If there is anything I’ve gleaned in my 30-plus years of cheering for The Boys in Blorange and my downright rabbinical study of their 60-plus year franchise history, it’s this: the instant you think, “They’ve got this,” they’re done for. The second you feel confident about their destiny, you’ve condemned yourself to disappointment. The moment you buy into the Hot Stove hype that they’ve signed the elusive slugger, inked the elite ace, locked down the lockdown reliever, promoted the top prospect, secured the final piece to all but guarantee a winning team — let alone a winning dynasty the likes of which we were forced to bear witness from across the river at the turn of the millennium — it’s over before it’s even begun.
The Mets are the living, breathing, baserunner-stranding embodiment of that wise old adage: “expectations are premeditated resentments.” I’d be writing into next Opening Day if I were to recount every example of the Mets brass breaking the bank to build a team that only serves to break our hearts. Names like Bonilla, Bay, Perez, Porcello, Cedeno, Cespedes, Castillo, Coleman, and Lowrie will make a Mets fan shudder or snicker, depending on mood.
But let’s take the most recent example of the 2023 season when the Metropolitans broke camp boasting the most expensive roster in the history of Major League Baseball, headlined by future hall-of-famers Max Scherzer and Justin Verlander reaping a quarter of the $320m total payroll (which added another $100m in luxury taxes). How did the team respond to the frenzied, frothing fanticipation for this surefire fast-track to the Fall Classic? By finishing 29 games out of first place and dumping their shiny new 1-2 punch at the trade deadline.
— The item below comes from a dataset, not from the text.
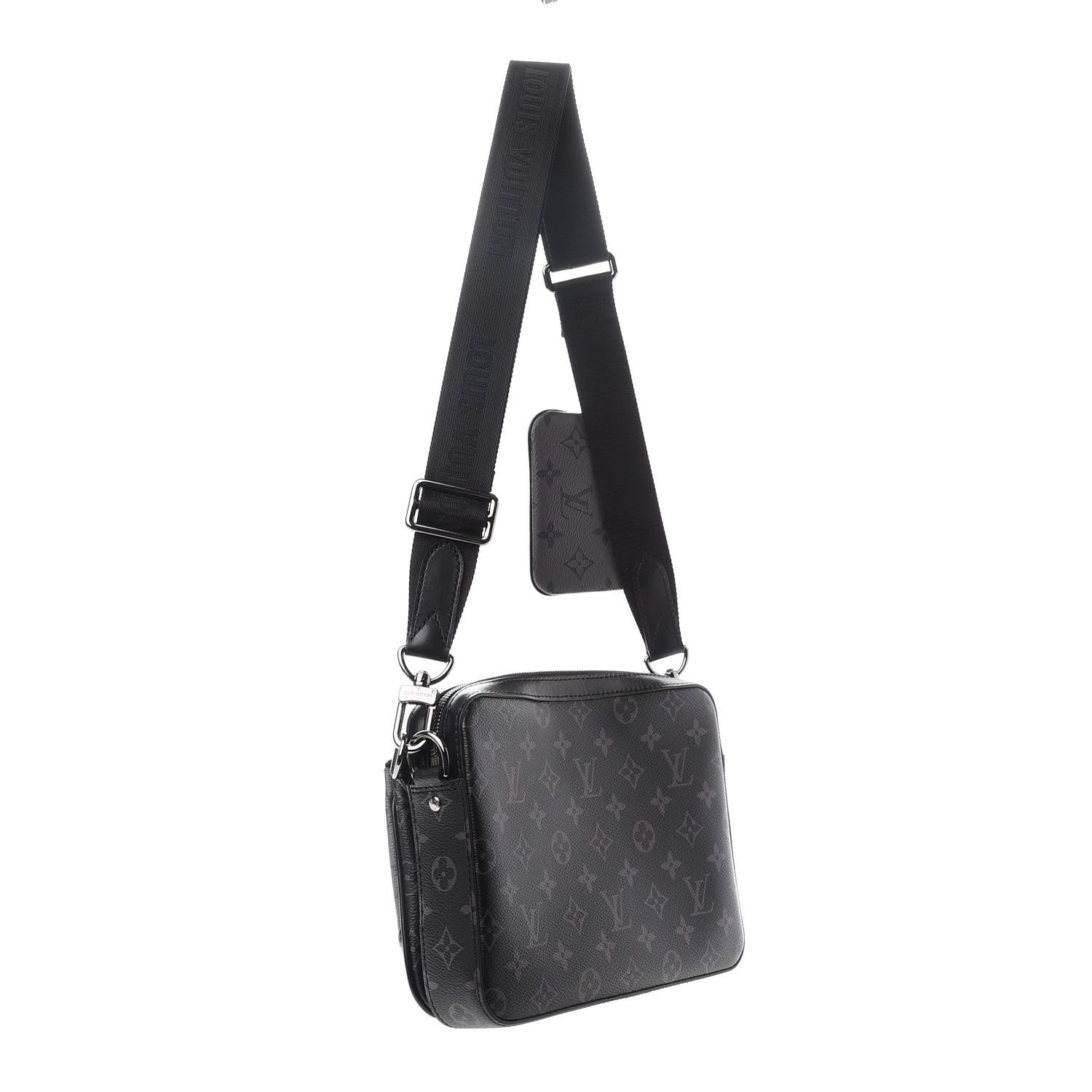 Louis Vuitton Reverse Monogram Eclipse Trio Messenger 3 of 8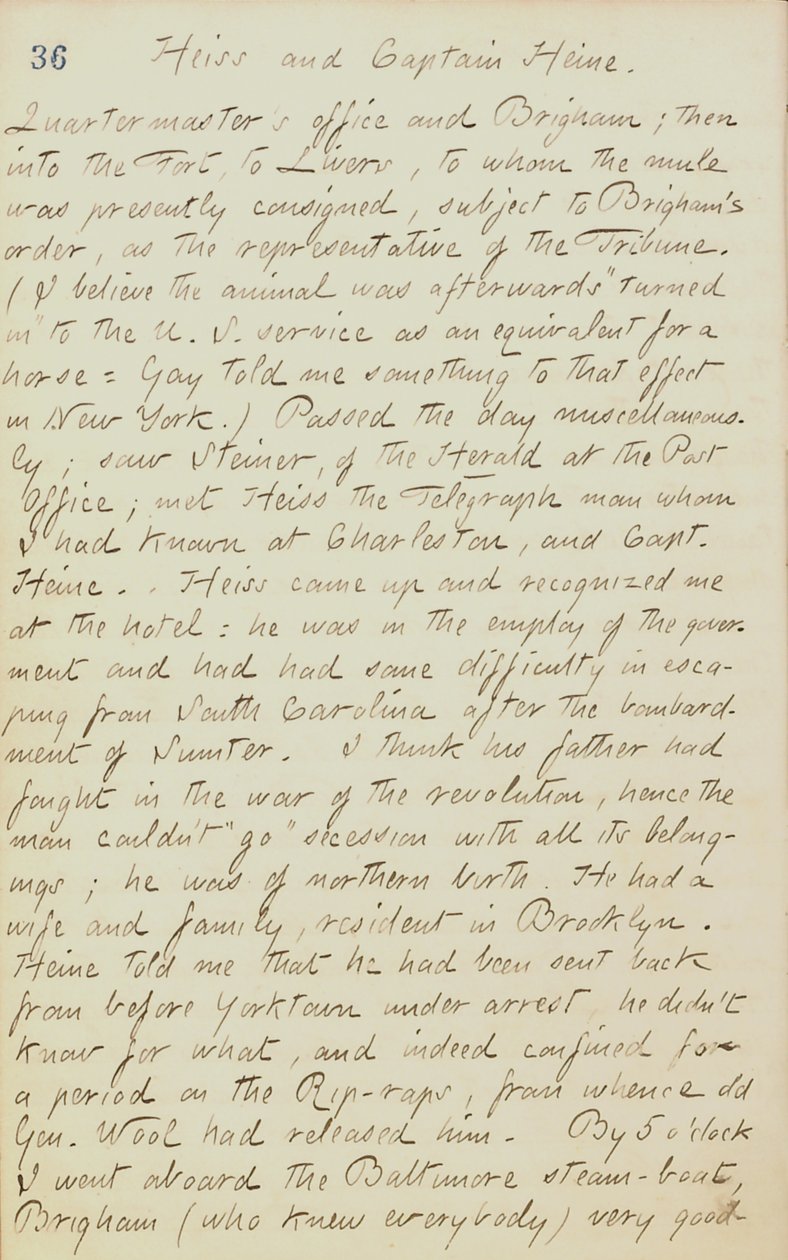 Thomas Butler Gunn Journaux- Volume 20, page 44, 4 juin 1862 - Thomas Butler Gunn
Between the two of them, Scherzer and Verlander had accumulated six Cy Young Awards — given each year to the league’s best pitcher — across their distinguished careers, and fans comfortably held the expectation that either would add another to his mantel during his Queens tenure. Instead those expectations only added paving stones on the road to perdition.
Now compare ’23 to ’24. Did I expect anything from the new 1-2: Luis Severino coming off “the worst year of his life” by his own admission, and Sean Manea whose ballooning ERA cost him his starting privileges for likely the first time since Little League? The only thing I expected from Manea was his cool hair — AND HE CUT IT IN SPRING TRAINING. But by the grace of Gary Cohen, those two got into the New York groove and combined for a 3.68 ERA over 364 innings. As for our old friends Scherzer and Verlander? They managed fewer than 40% of that load while giving up nearly an additional full run per nine.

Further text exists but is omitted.